Vanishing gradient: gradients are multiplied by $W^T$ at each layer. For deep nets with saturating activations, gradients shrink to zero.

With skip connections: gradient has a direct path through the identity shortcut:

\[\frac{\partial \mathcal{L}}{\partial \mathbf{h}^{(l)}} = \frac{\partial \mathcal{L}}{\partial \mathbf{h}^{(L)}} \prod_{k=l}^{L-1} \left(I + \frac{\partial F_k}{\partial \mathbf{h}^{(k)}}\right)\]

The identity term $I$ prevents vanishing. Enables training of networks with 100–1000+ layers.

Recurrent Neural Networks (RNNs)

Processes sequences by maintaining hidden state $\mathbf{h}_t$:

\[\mathbf{h}_t = \sigma(W_h \mathbf{h}_{t-1} + W_x \mathbf{x}_t + \mathbf{b})\]

Vanishing/exploding gradients over long sequences led to:

LSTM: adds cell state $C_t$ with input, forget, and output gates.
GRU: simplified gating; fewer parameters than LSTM.

Largely superseded by Transformers for sequence modeling.

Transformers

See NLP and Attention mechanism. Core operation:

\[\text{Attention}(Q,K,V) = \text{softmax}\!\left(\frac{QK^T}{\sqrt{d_k}}\right)V\]

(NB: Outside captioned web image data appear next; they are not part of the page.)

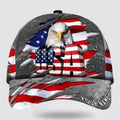 FUNSTUFFPRINT American Flag Bad Eagle Custom Name Baseball Cap - Christian Hats for Men and Women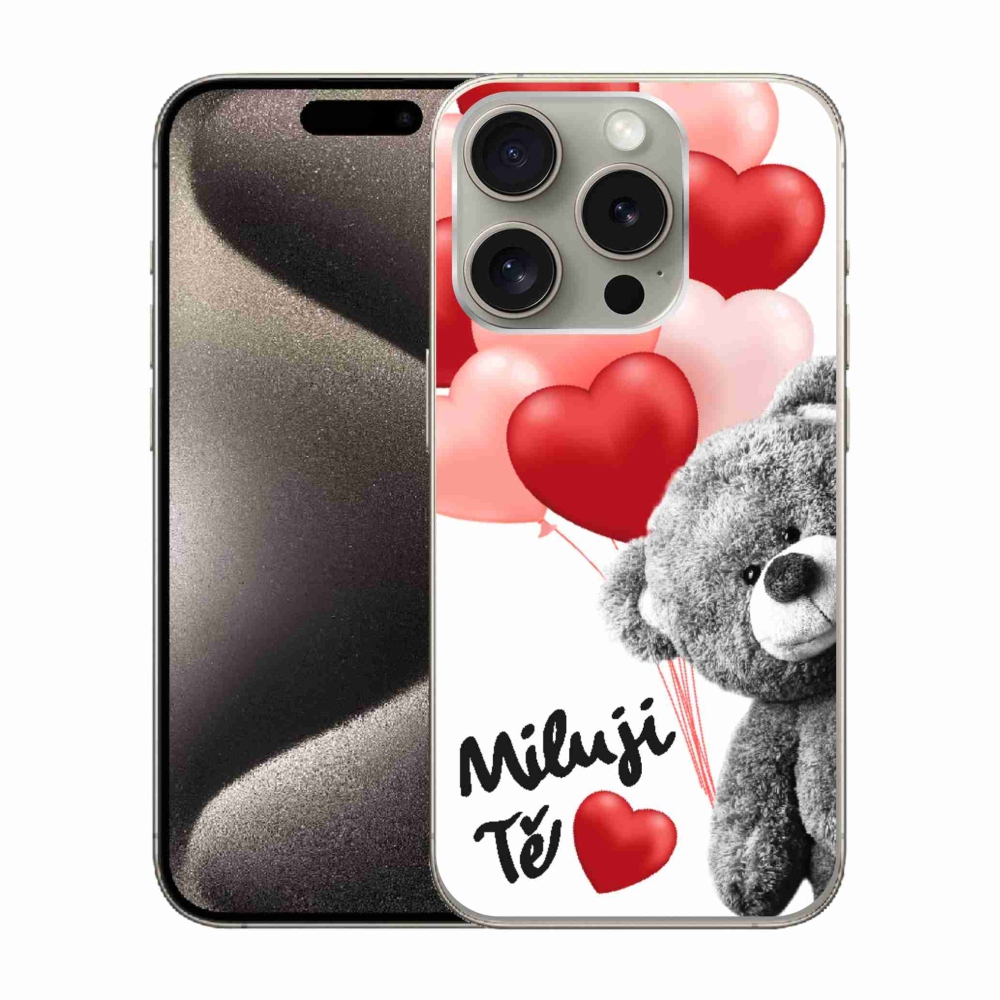 Gelový kryt mmCase na iPhone 15 Pro - miluji Tě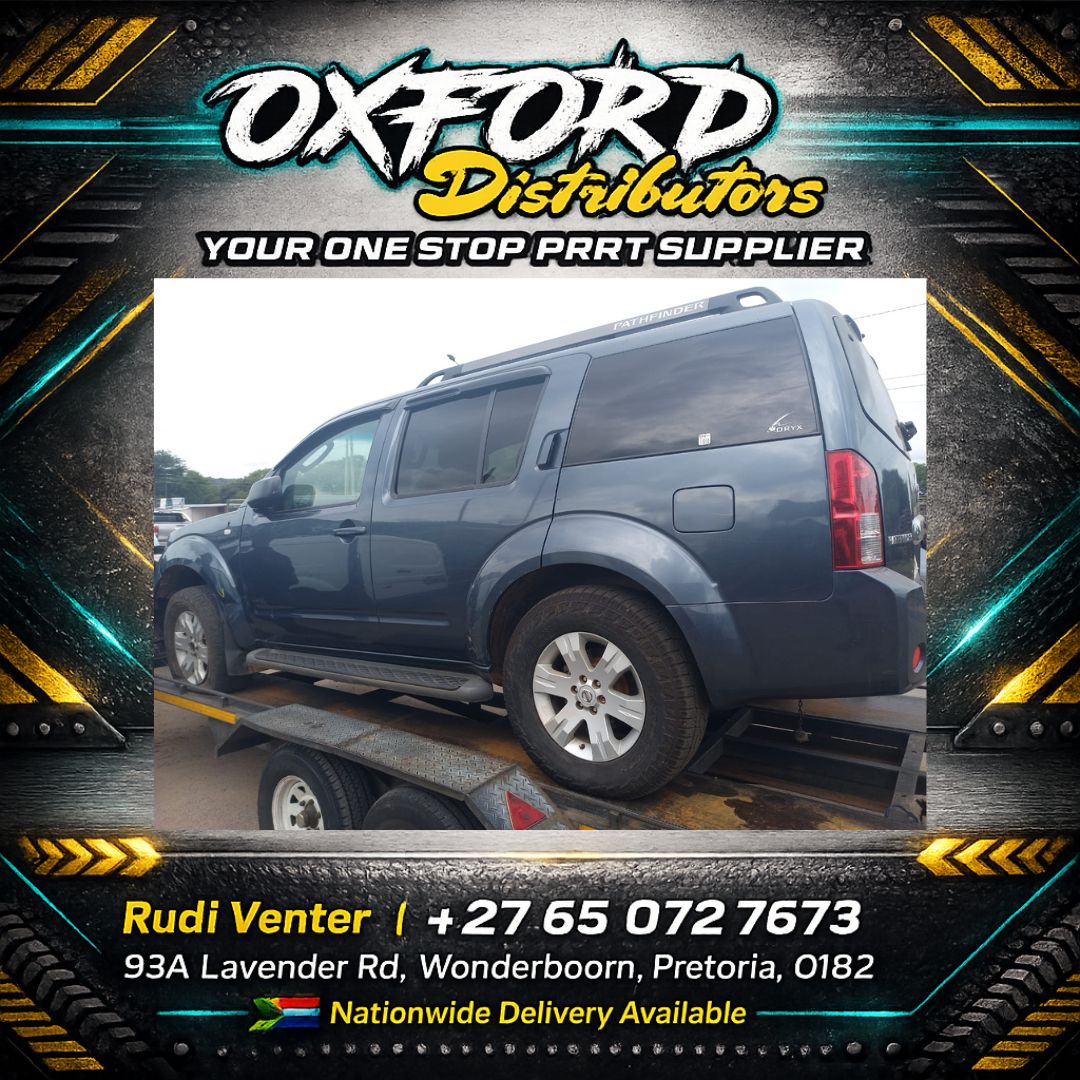 Nissan Pathfinder R51 2.5 Diesel for Second Hand Parts - Private Seller Nissan Pathfinder R51 2.5 Diesel for Second Hand Parts - Private Seller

Uses self-attention instead of recurrence; fully parallelizable; scales to very long sequences with architectural modifications.

Problem	Cause	Solution
Vanishing gradients	Repeated small multiplications in backprop	ReLU, skip connections, careful init
Exploding gradients	Repeated large multiplications	Gradient clipping, careful init
Degradation	Deeper plain nets perform worse	Residual connections
Internal covariate shift	Changing activation distributions during training	Batch Normalization
Overfitting	High capacity	Dropout, weight decay, early stopping

Representation Learning

Intermediate layers learn representations (features) that are:

Distributed: concepts encoded across many neurons.
Hierarchical: lower layers capture simple features; higher layers abstract patterns.
Transferable: representations learned on one task often transfer to related tasks (transfer learning, fine-tuning).

In CNNs trained on ImageNet, layer-wise visualization shows: edges (layer 1) → textures (layer 2) → parts (layer 3) → objects (layer 4+).

Depth in Practice

Start with proven architectures (ResNet, EfficientNet, ViT) rather than designing from scratch.
Depth is not always better: for small datasets, shallow networks or pre-trained models generalize better.
Residual connections and normalization layers are nearly always beneficial in deep networks.
Increase depth before width when scaling up, but follow empirical scaling laws (see EfficientNet, Chinchilla).